Entering edit mode
5.7 years ago
max_19
▴
170
Hi all!
I have a script which goes through a bunch of fastq files and searches for specific sequences found in a text file called test_text.txt, then outputs a fastq file with only those reads. The reads in my fastq files are all between 15-30bp long, however when I look at the output fastq files, I am getting reads of 52 bp long.
Does anyone know why this would happen? code is below:
for fastq in `ls my_files`;do
for i in `cat test_text.txt`; do zgrep -B 1 -A 2 $i $fastq >>filtered_fastq/${fastq}.filtered_reads.fastq; done;
done
Thanks for any input.
What have you done so far to convince yourself/check the reads are all 15-30bp?
I can't see an obvious mistake at first glance, so are you sure there are no 52 bp reads in the input file?
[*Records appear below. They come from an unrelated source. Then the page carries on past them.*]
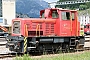 Schöma 2331 - MGBahn "4972"
27.06.2015 - Andermatt
Theo Stolz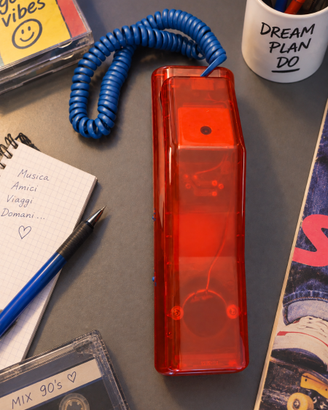 Swatch Twinphone Deluxe anni ’90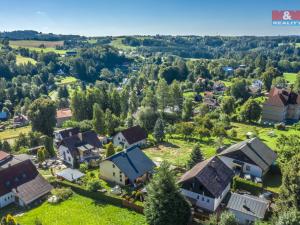 Prodej pozemku pro bydlení, Jesenný, 750 m2
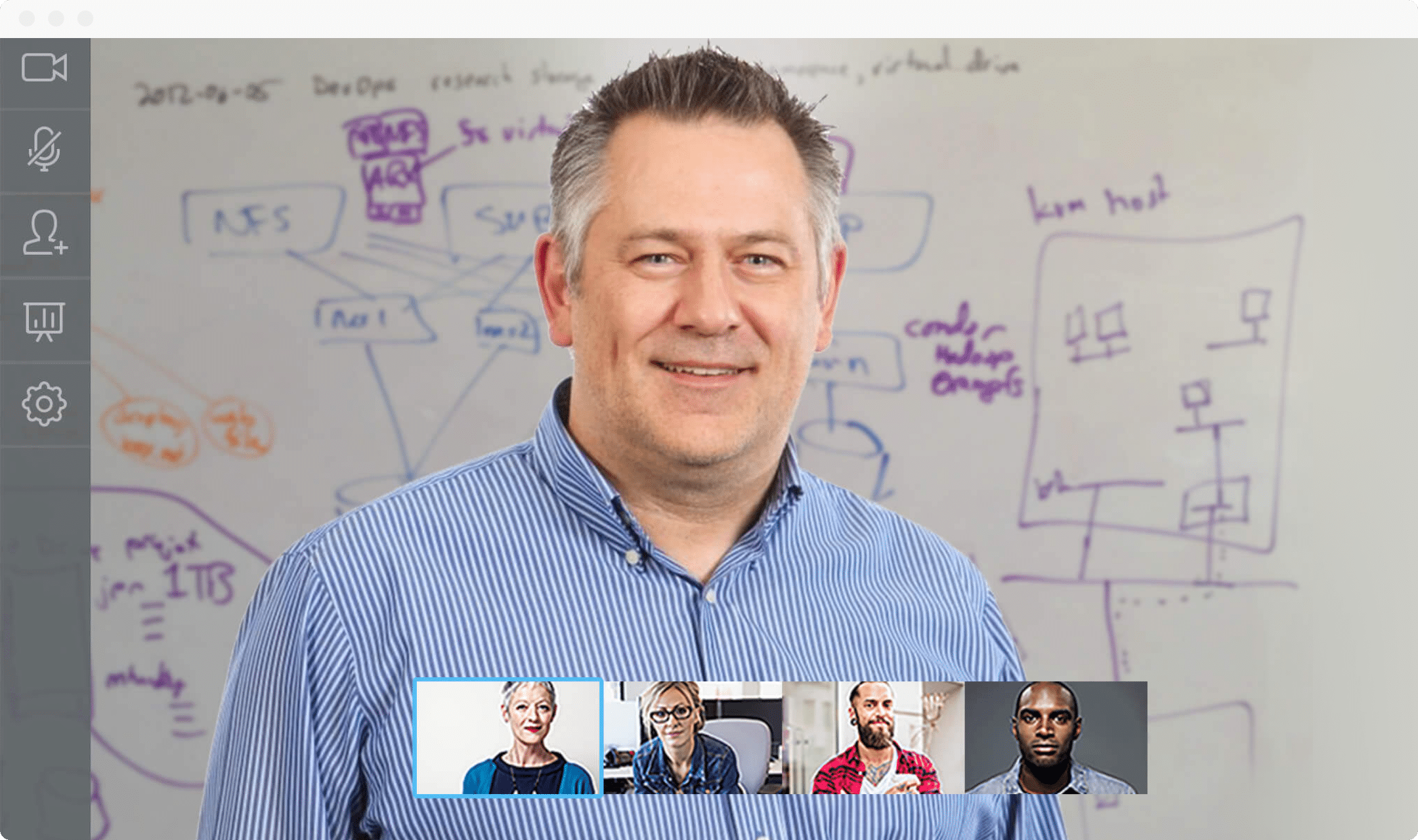 Live and on-demand professional development from Articulate experts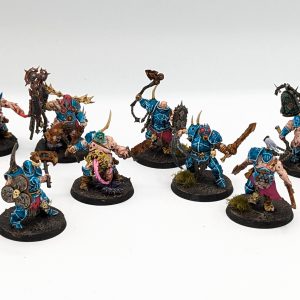 Putrid Blightkings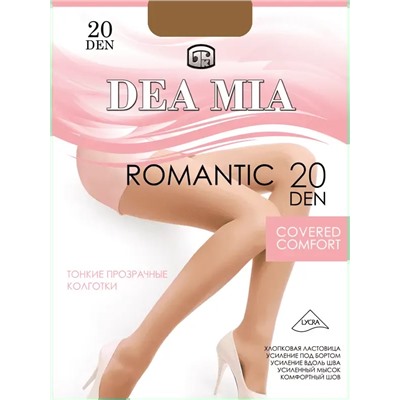 DEA MIA ROMANTIC 20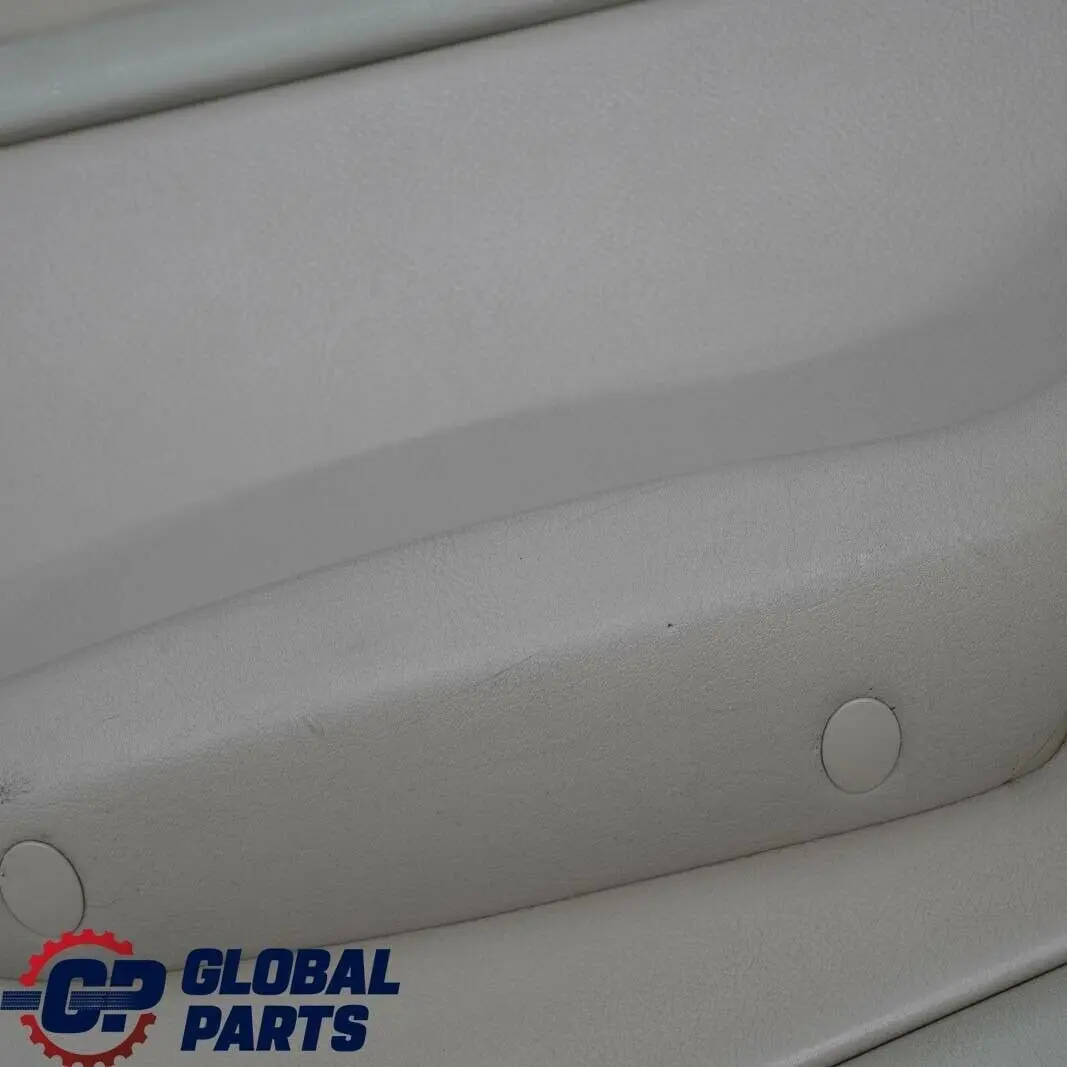 Boczek drzwi lewy tył beige do BMW E46 Sedan Kombi o numerze 8224539 BMW E46 Sedan Kombi Boczek drzwi lewy tył beige - SKU 8224539 - Numer Części 8224539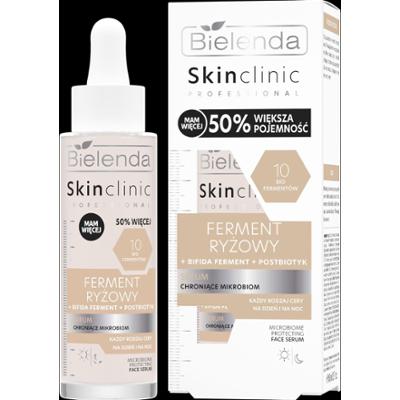 Bielenda FERMENT RYŻOWY Serum chroniące mikrobiom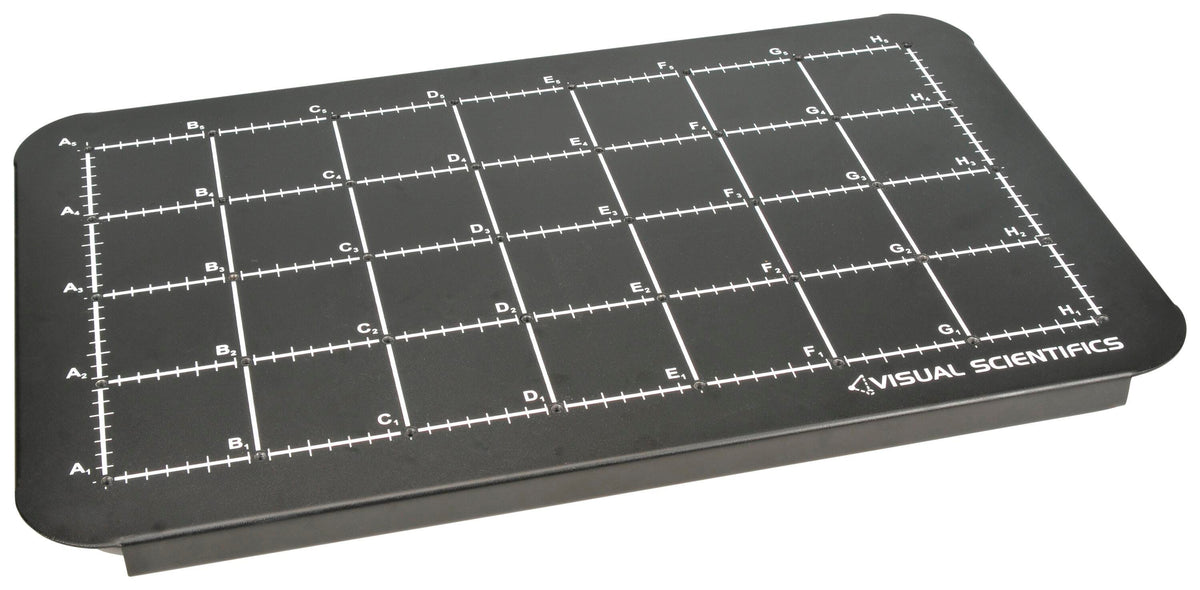 BASE VISUAL SCIENTIFIC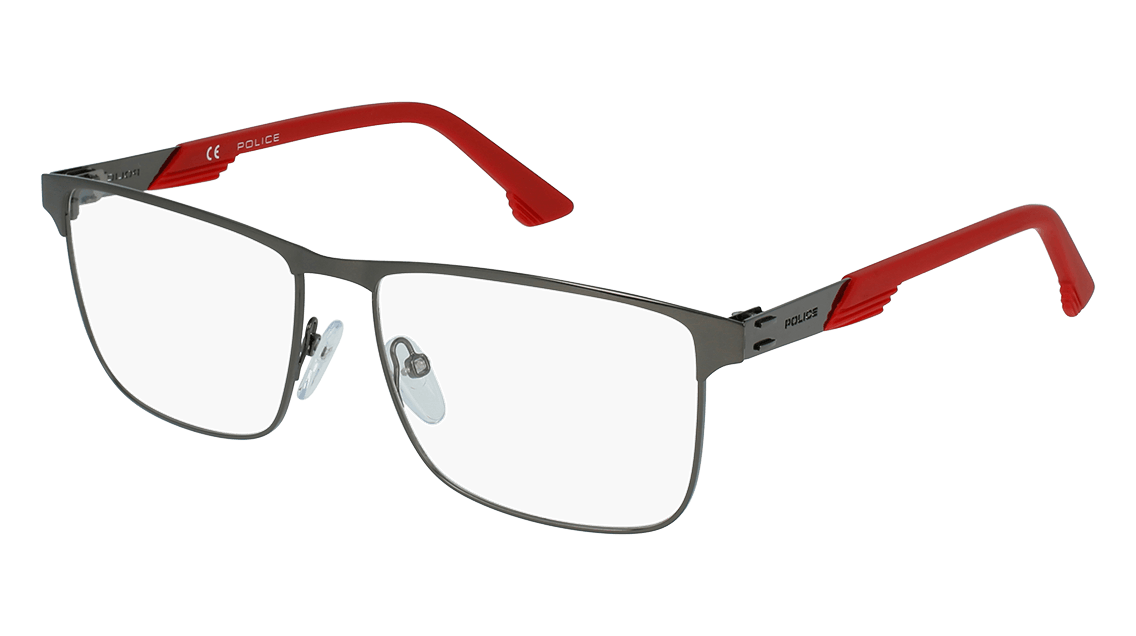 Police hotsell brand frames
I used cutadapt to set min/max length for all sequences (cutadapt -a $adapter3 -f fastq -m 15 -M 30). also when I do fastqc on the file, my sequence length in the basic stats section shows '15-30'
Make sure; do
awk '{print length}' <filename> | sort -n | tail
. The last number should be the longest sequence length in your file. Remove the headers before if you think they're longer than 30bp (i.e.grep -v ">" <filename> | awk '{print length}' | sort -n | tail
Thank you! Tried this and got 54. This is odd! does this mean something is wrong with my cutadapt step? and why does FASTQC report 15-30bp for sequence length
cutadapt should get rid of reads > 30 in length in that case. Are you sure that you have the trimmed file in
my_files
, and not the original file you had before running cutadapt?By the way, the
-f
switch in grep allows you to provide a file of patterns to search; e.g.grep -f <file_with_patterns> <file_to_search_in>
, so possibly your could get rid of your inner for loop.Good to know, thank you!